Mass mortality of marine organisms can cause severe shifts in ecosystem structure, prominent examples being the widespread lethal stony coral tissue loss disease (SCTLD) (Precht, 2021), the devastating (and anthropogenic impact-associated) sea star wasting disease (SSWD) decimating populations of asteroids (Echinodermata) (Hewson et al., 2019; Jaffe et al., 2019), or the climate change-associated spread of oyster diseases (Cook et al., 1998; Soniat et al., 2009; Epstein, 2010). All of these examples of marine die-offs are associated with microbiome changes (Aquino et al., 2020; Clark et al., 2021).
These marine organisms are critical for their respective marine ecosystems and “planetary homeostasis” (Dyke and Weaver, 2013). Consequently, altered microbiome states of these organisms are at the core of alarming losses of marine biodiversity (Peixoto et al., 2022), and microbiomes will continue to shift towards more pathogenic assemblages in pace with ongoing global change. Importantly, increasing rates of environmental change induced by human activity have been apparent for the better part of the last century for many anthropogenic actions considered (e.g., fertilizer consumption, transport, tourism, etc.) (Steffen et al., 2011). As such, we fall victim to the ‘shifting baseline trap’, i.e. the perception that the already altered state experienced by the previous generation is/was the pristine state, even though in reality it already represented a disturbed/derived condition (Soga and Gaston, 2018).

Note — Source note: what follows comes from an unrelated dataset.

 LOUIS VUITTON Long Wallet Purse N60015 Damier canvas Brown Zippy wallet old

Microbiome stewardship to attain rehabilitation
Even if current conditions are reversed immediately, in many cases, it is too late for “nature to heal itself” (Duarte et al., 2020; Knowlton et al., 2021), and significant losses are expected over the coming years before things (may) get better (Kleypas et al., 2021). Although any solution needs to incorporate reducing CO2 emissions and mitigating local stressors eventually, active restoration efforts are equally important to buffer the gap and buy time (Knowlton et al., 2021; Voolstra et al., 2021). Our objective and obligation must ensure that sufficient foundational species and genetic diversity survive to assist in the long-term recovery of marine ecosystems once carbon neutrality is reached.

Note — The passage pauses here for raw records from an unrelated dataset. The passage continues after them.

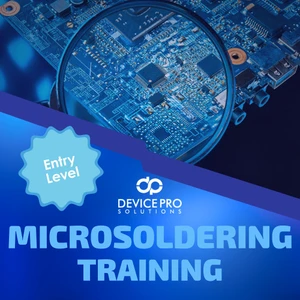 Circuit board viewed through a magnifying glass with the Device Pro Solutions logo and “Entry Level Microsoldering Training” text.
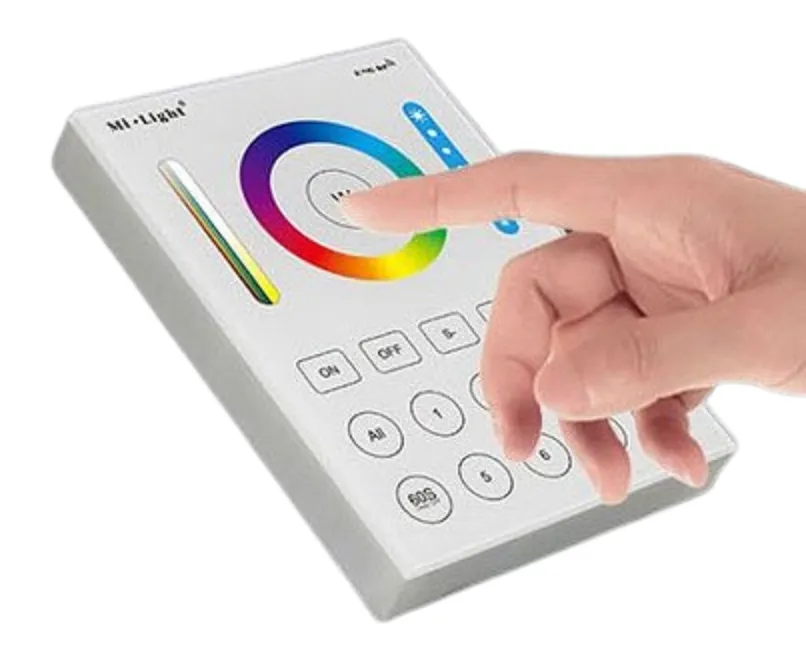 Панель керування Mi-Light 8-зонна до контролера RGB/RGB+CCT RF-sensor біла панель керування, Mi-Light, 8-зонна, RGB, RGB+CCT, RF-сенсор, настінна панель, сенсорна панель, LED стрічки, світлодіодні стрічки, дистанційне керування, регулювання яскравості, регулювання кольору, біла панель, купити панель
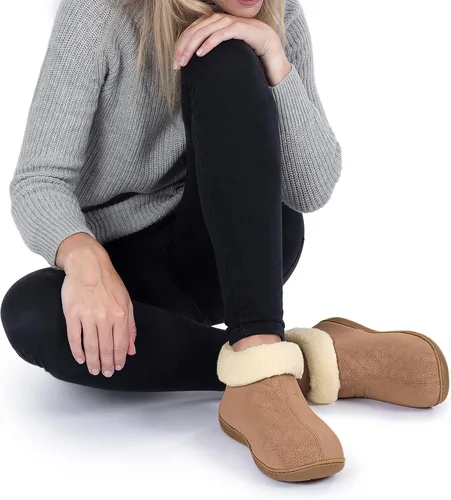 Vista 2 de RockDove Pantuflas tipo botín Sierra de piel sintética para mujer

Marine probiotics have recently been introduced as a means to support conservation and restoration of marine wildlife (Peixoto et al., 2017; Peixoto et al., 2021; Voolstra et al., 2021; Peixoto et al., 2022). Such ‘enhanced restoration’ or rehabilitation (Voolstra et al., 2021, 2023) extends and clarifies the concept of restoration because i) it is unclear whether restoration to past (microbial) configurations under current environmental conditions is an actual remedy for stress susceptibility and also due to ii) uncertainties associated with the nature of past “pristine” microbial configurations (given our shifting baseline perception and ignorance what “pristine” actually means or signifies; see below). Although marine microbiome manipulation is still in its infancy (Blackall et al., 2020), integrated actions and global networks have been built to accelerate such research and development in the face of alarming marine biodiversity losses (Allard et al., 2020). The high toll of inaction must be weighed against the potential caveats associated with microbial manipulation. A roadmap for the risk assessment and safe development of probiotics to protect wildlife has been recently proposed (Peixoto et al., 2022).

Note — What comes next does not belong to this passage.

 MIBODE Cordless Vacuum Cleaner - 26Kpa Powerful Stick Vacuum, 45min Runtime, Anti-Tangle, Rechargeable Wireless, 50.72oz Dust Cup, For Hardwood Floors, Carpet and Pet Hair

Here we extend such reasoning and propose that marine conservation should generally consider microbiomes as one of its key components. Such efforts should not be defined as microbial manipulation since the eventual aim is the reversal of deteriorated states of organisms and ecosystems to more pristine states by means of the restoration/rehabilitation of associated/underlying microbiomes (Figure 2). It is crucial to highlight that already degraded ecosystems are unlikely to harbor “pristine-like” microbiomes (Leite et al., 2018) and that there is no certainty of what such pristine microbiomes would look like. Consequentially, an altered (in a sense manipulated) microbiome is already present in many marine ecosystems, often enriched with potential pathogens. We are witnessing a continuous alteration of microbiomes, in line with the pace and magnitude of environmental change. Accordingly, microbiome restoration/rehabilitation is a way to minimize impacts caused by ongoing changes, rather than it being the cause of these changes. If we accept microbiome change as a consequence of continuous environmental change, our obligation should ensure such changes are towards a less pathogenic, neutral or, ideally, beneficial assemblage. The correct use of these terms and concepts is key for the development and public acceptance of the nascent field of microbiome stewardship (Peixoto et al., 2022) with parallels to terrestrial restoration/rehabilitation (e.g., reforestation) (Nave et al., 2018; Bziuk et al., 2022) and medical approaches (e.g., fecal transplants) (Daliri et al., 2018) (Figure 2). Microbes are a key factor connecting and supporting humans, animals, and ecosystem functioning under the ‘One Health’ concept (Trinh et al., 2018), representing a docile target for restoration/rehabilitation (Peixoto et al., 2022).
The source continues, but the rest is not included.